Millions of Americans have lost their jobs with the onset of the novel coronavirus and with it, the income they need to pay their bills has dried up.
For many Americans, lost income also means not being able to cope with mortgages, car payments, or credit card bills.
The good news, according to Scott Vahue, senior vice president of M&T Bank, is that many Americans currently have options when processing their loans.
Vahue, who oversees M&T Bank’s collection and collection functions for residential and business loans, said the first thing people should do is assess their situation.
A person should consider the job and industry they work in and think about how long their earnings could be cut off, Vahue said. If it’s temporary, the options could be very different than someone who worked at a small business that went bankrupt or a factory that isn’t reopening anytime soon.
“I think people need to think about it a bit, that’s how long I think this disruption to my income is going to last, and then you can kind of structure the solutions from there,” Vahue said.
If people feel like their income will be cut off for too long or if they need help from their bank or lender, Vahue said it is important that they seek help.

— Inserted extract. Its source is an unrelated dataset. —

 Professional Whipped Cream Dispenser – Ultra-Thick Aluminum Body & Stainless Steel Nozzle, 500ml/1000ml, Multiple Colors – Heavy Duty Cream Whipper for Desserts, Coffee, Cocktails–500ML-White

People “just have to put up their hands and say I’m having trouble with COVID,” Vahue said.
By raising their hand, banks or lenders can defer mortgage payments for up to 180 days or credit card payments for up to 90 days, Vahue said. However, every situation is unique, so it’s essential to reach out to learn about the options available.
“I think it’s been very helpful, is that some of the politicians and experts have told people very specifically that if you can afford to make your payments, you should keep making them,” Vahue said. “What a lot of people don’t understand is that when you delay these payments, interest continues to accrue on loans and lines of credit.”

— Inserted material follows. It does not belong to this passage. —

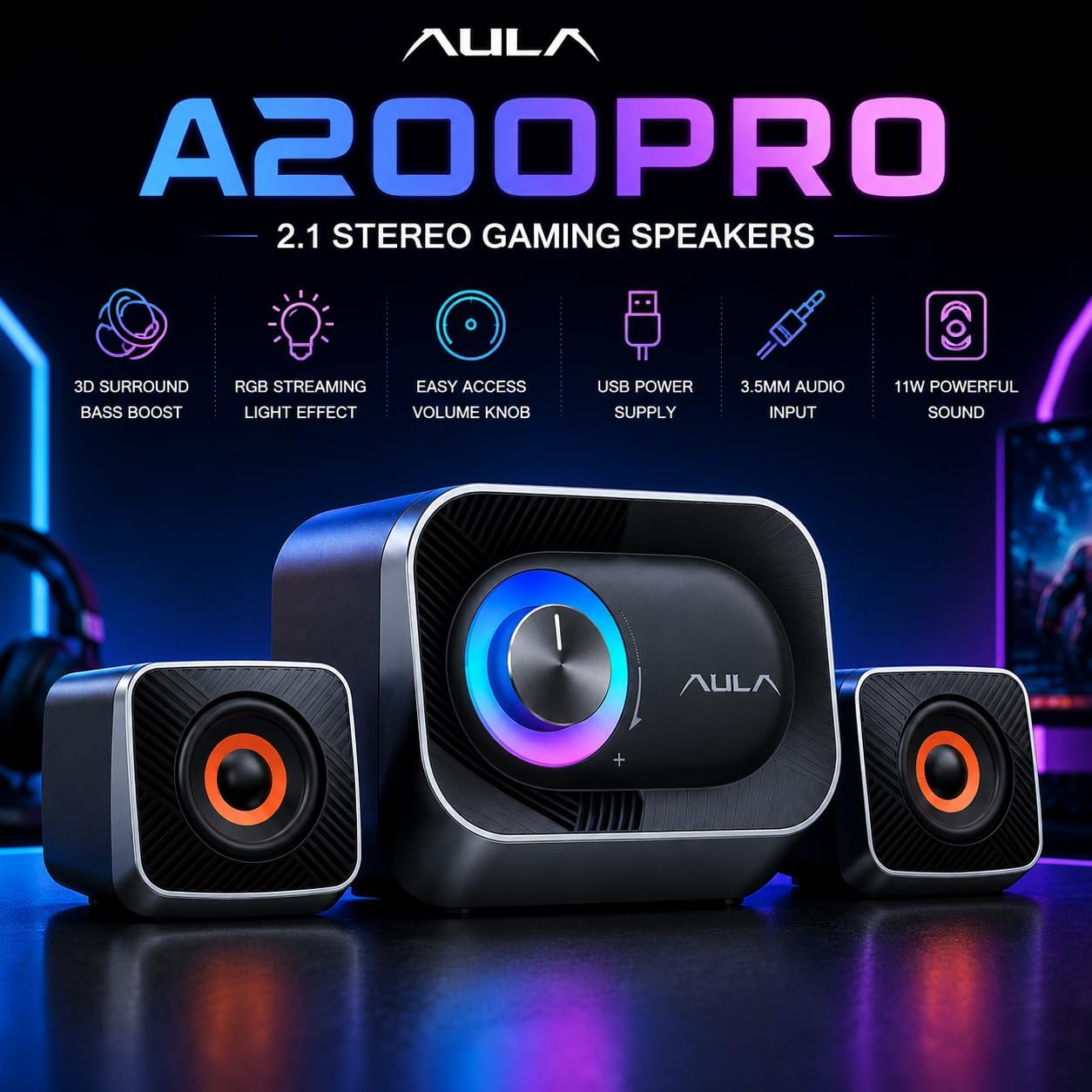 AULA A200 Pro 2.1 Stereo Gaming Speakers - AHW Store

If a person has a mortgage of $ 1,000 per month and chose not to make those payments for three months, it wouldn’t cost $ 3,000 to make up the loan, Vahue said. In most cases, interest and other charges will add up, which means people will owe more to the bank or lender.
“If you don’t have a job and can’t make your payments and somehow bury your head in the sand, it can be worse for you from a credit score and fee perspective. that could accumulate on loans, ”Vahue said.

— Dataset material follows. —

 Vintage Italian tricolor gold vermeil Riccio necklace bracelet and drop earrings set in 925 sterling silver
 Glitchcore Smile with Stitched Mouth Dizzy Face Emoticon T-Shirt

Time is also a factor in all of this, Vahue said. Banks and lenders have fewer options to help people the longer people go without paying their mortgage or loan.
People shouldn’t wait until they can no longer afford anything, Vahue said. They should call as soon as a job loss occurs so that banks and lenders have more options for a client.
When a person finds a job, it’s also important to contact the bank or lender to let them know, Vahue said.
If someone starts working again but with less income than they previously had, banks or lenders may have the option of restructuring a loan to reduce the amount owed each month to accommodate the new financial situation. client.
“Achieve. It won’t be a bad experience,” Vahue said. “We don’t want your car. We don’t want your house. We want to find a way to keep you in the things you own and that. is how we are set up.
- If you can afford to keep paying off your loan, keep doing it. If you stop making payments, interest and fees can accumulate on the loan and increase the amount you owe, which will dig a deeper hole for you.
- Raise your hand if you need help. Banks and lenders are ready to work with you if you are currently having difficulty, but they can only do so if you contact them.
- Don’t bury your head in the sand. Don’t forget your loans. There are options to help you. If you think your income will be interrupted by COVID-19, it’s best to contact your bank or lender sooner because you’ll have more options than if you wait and start defaulting.